Should Gutiérrez become president, on the other hand, he may well struggle to contain rising public frustration in the countryside. Continuing a variation of present tactics in dealing with security threats posed by armed groups – larger military deployments, coca eradication and high-level captures – is likely to backfire, for reasons Crisis Group has previously explored, alienating residents without significantly weakening the power and reach of criminal outfits. Similar tough approaches under the incumbent president, Iván Duque, have failed to stop the drift toward greater insecurity.

How might the election affect the progress of the 2016 peace accord? Could there be further negotiations with other armed groups?

Both leading candidates have publicly said they will respect the 2016 agreement and carry out its provisions. But the two face very different political pressures in this regard. Gutiérrez is running with the support of right-wing parties that have vocally opposed the agreement in the past, including the Democratic Centre Party led by Uribe. Gutiérrez has gone to some lengths to distance himself from Uribe, but his constituency remains sceptical of the peace process.

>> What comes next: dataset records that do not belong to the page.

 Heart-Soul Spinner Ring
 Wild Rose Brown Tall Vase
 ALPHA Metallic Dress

Petro, for his part, would likely try to move faster fulfilling the accord – though he has provided few details as to how. Lack of congressional support, however, could lead to continued paralysis on key topics such as land reform.

Colombia’s budget is stretched and will come under considerable strain in the next government’s term.

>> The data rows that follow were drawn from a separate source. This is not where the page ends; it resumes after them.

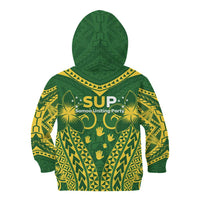 Samoa SUP Kid Hoodie Samoan Coat Of Arms - Polynesian Pride
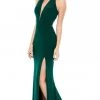 Sherri Hill - 51806 Deep Halter V-neck Jersey Trumpet Dress 2 Sherri Hill - 51806 Deep Halter V-neck Jersey Trumpet Dress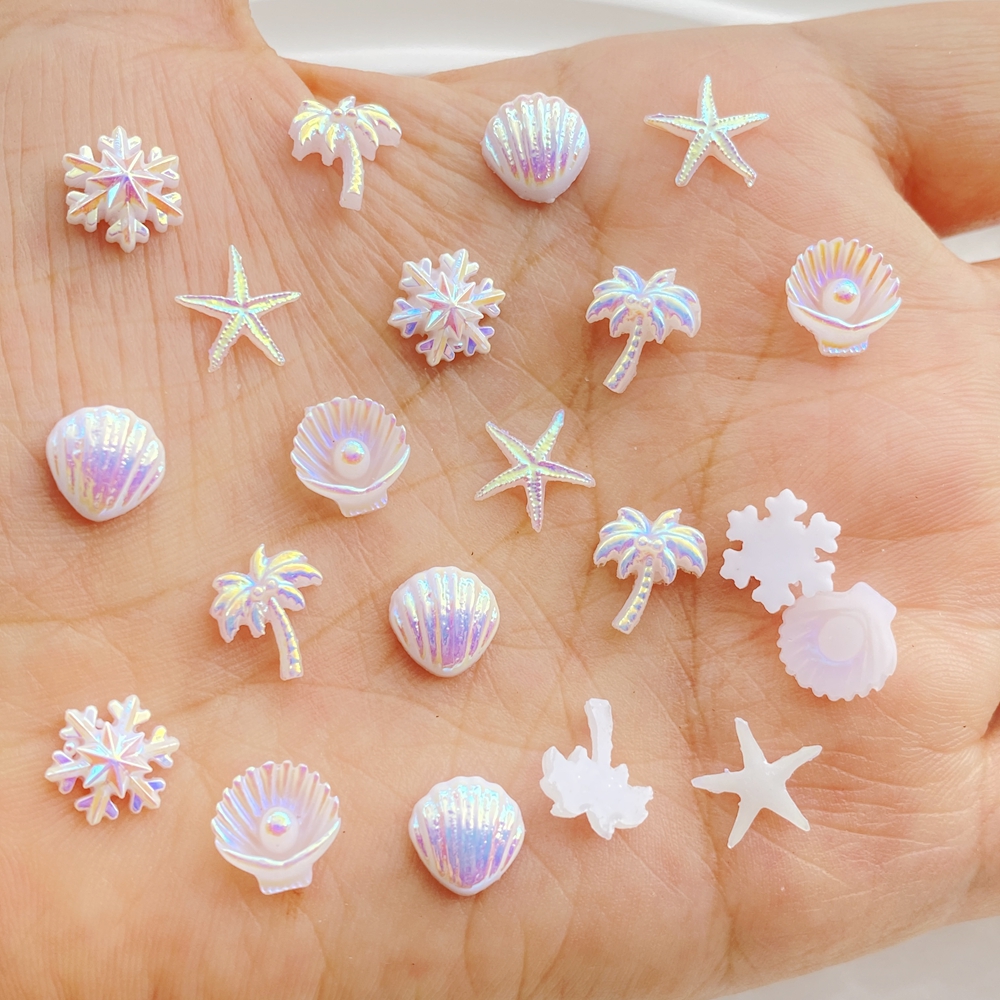 50Pcs Cute Mini AB colored sta - Resin Art Tree reseña y precio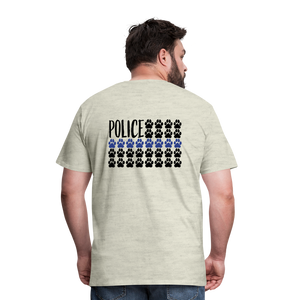 K9s Lead the Way - Police - Men's Premium T-Shirt - heather oatmeal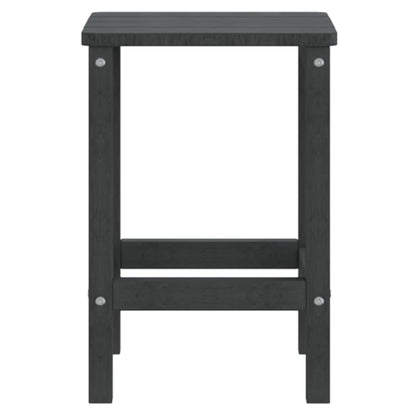 vidaXL Garden Adirondack Table Anthracite 38x38x46 cm HDPE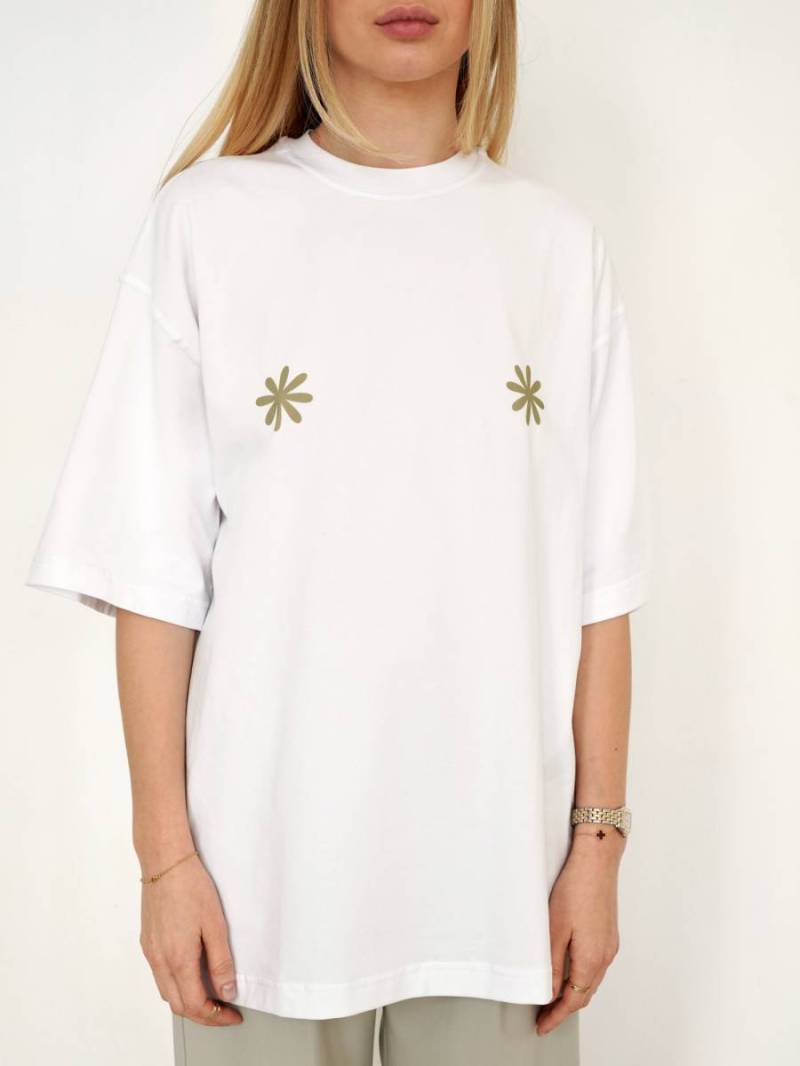 Футболка «Ромашка» Romashka, Белый, One size 15570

To make things yet more challenging, financing for peacebuilding is running out, as international donors shift attention to other pressing crises. Colombia’s budget is stretched and will come under considerable strain in the next government’s term, particularly if the new president seeks to satisfy the demands of vocal and hard-up city dwellers for more and better access to health care, education and other social services.

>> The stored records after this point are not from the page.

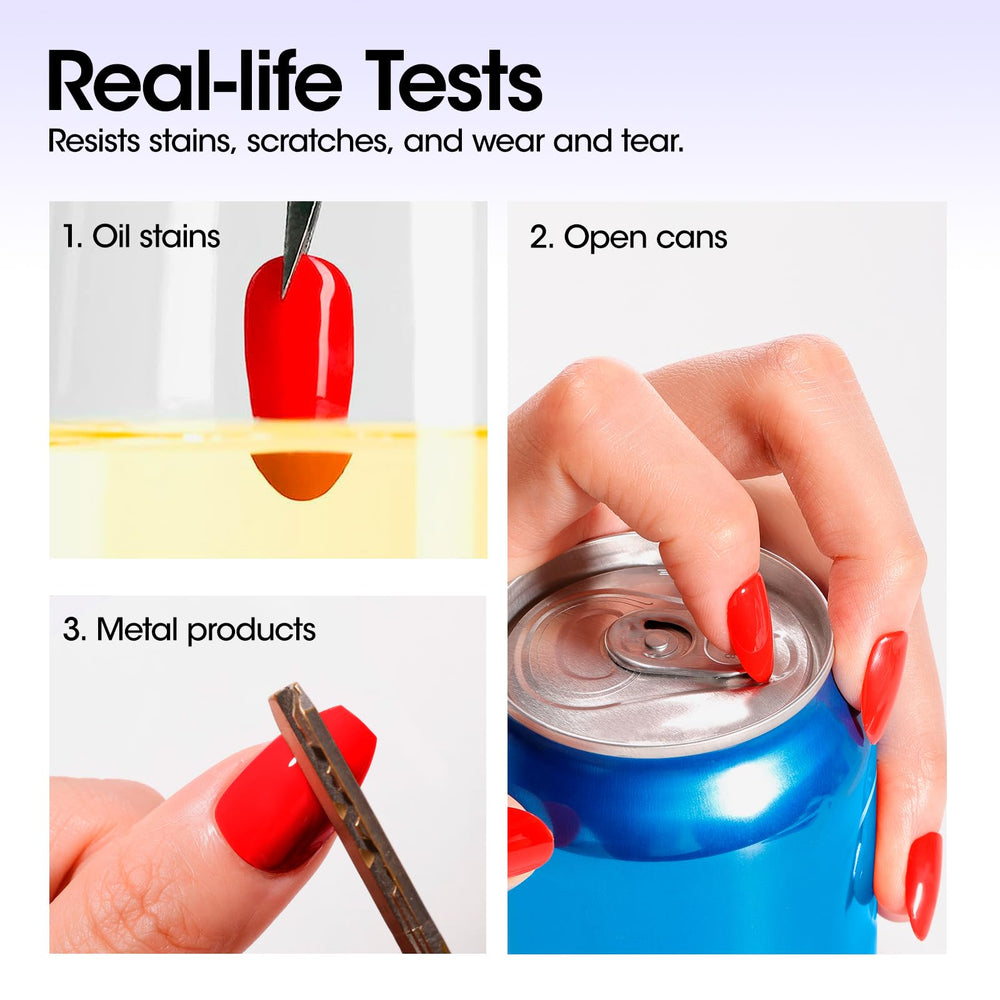 Compatibilité multi-ongles: naturel, artificiel et acrylique.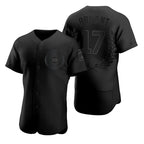 Chicago Cubs #17 Kris Bryant Black Jereymy Flexbase Fashion Jersey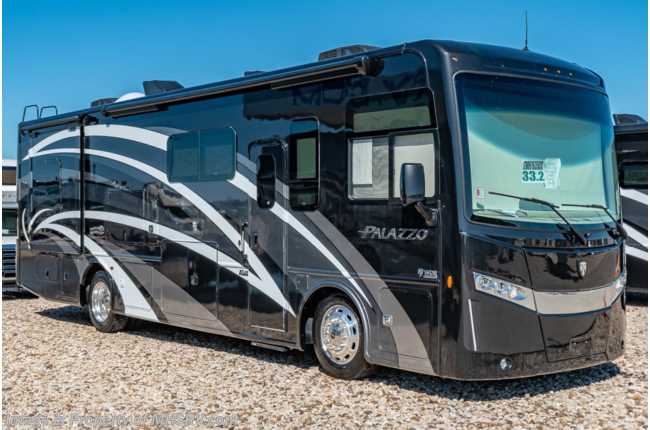 2019 Thor Motor Coach Palazzo 33.2 Diesel Pusher RV for Sale W/D &amp; OH Loft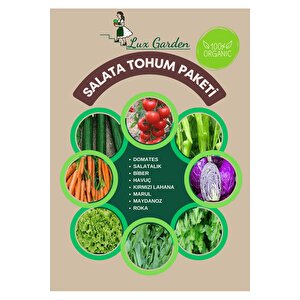 Salata Tohum Paketi 1500 Sebze Tohumu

As deep as the challenges will be, this moment could be the last opportunity for major strides forward in honouring the peace accord. Should the chance be missed, rising insecurity and a lack of public confidence in rural areas risk halting the agreement in its tracks. Rural communities already feel betrayed by the government’s failure to meet the peace accord’s promises on economic development, land ownership and protection of social leaders. The lacklustre approach to coca substitution thus far has undermined the creation of legal livelihoods in place of illicit ones, preserving one of the economies on which armed groups thrive. Whoever prevails in the polls, the incoming administration must do what the Duque government has failed to do: understand that the agreement’s deep-seated reforms are vital to improving security over the long term and prevent conflict in Colombia from getting worse.